**WHAT THE TASK REQUIRES**
Write out, from the entries below, exactly the lines that run between the lines holding "Renkli plastik jigsaw puzzle oyunu" and "800q-01_113505 The box", inclusive, and stop there.

**PROVIDED RECORDS**
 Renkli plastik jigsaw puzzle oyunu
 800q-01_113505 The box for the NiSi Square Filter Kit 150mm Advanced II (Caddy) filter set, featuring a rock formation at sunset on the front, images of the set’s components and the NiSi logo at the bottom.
---
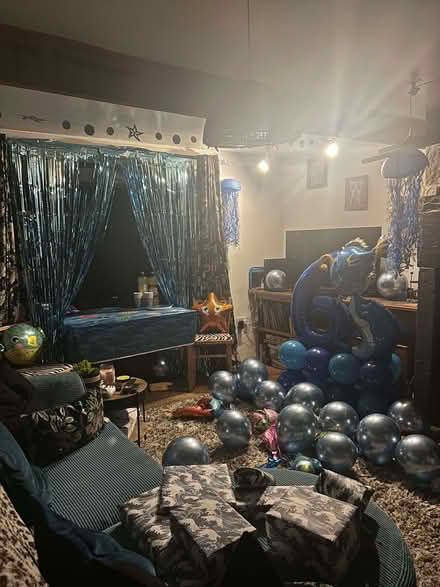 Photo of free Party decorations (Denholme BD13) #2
---
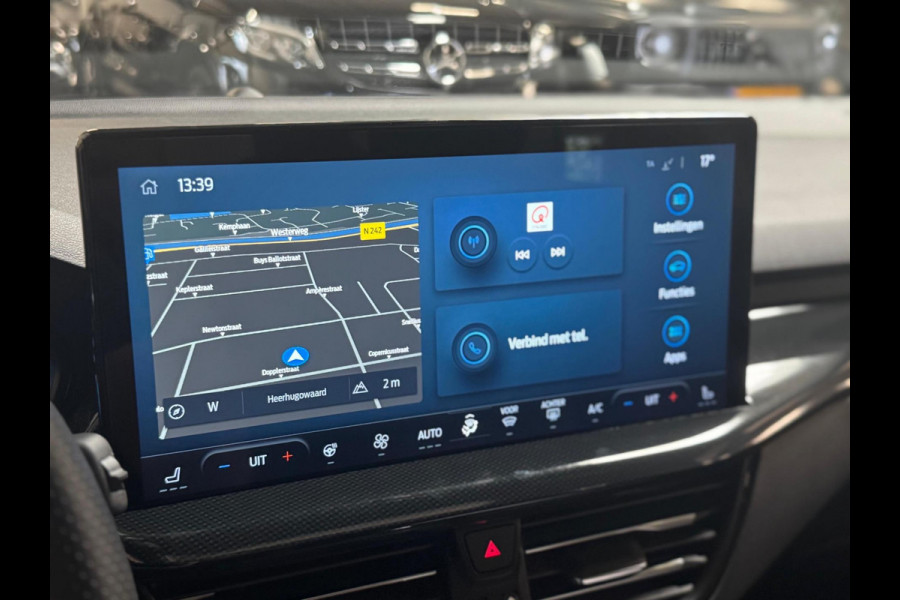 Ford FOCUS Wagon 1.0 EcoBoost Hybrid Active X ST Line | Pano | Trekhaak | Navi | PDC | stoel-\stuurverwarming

**RESPONSE BOX**
 Renkli plastik jigsaw puzzle oyunu
 800q-01_113505 The box for the NiSi Square Filter Kit 150mm Advanced II (Caddy) filter set, featuring a rock formation at sunset on the front, images of the set’s components and the NiSi logo at the bottom.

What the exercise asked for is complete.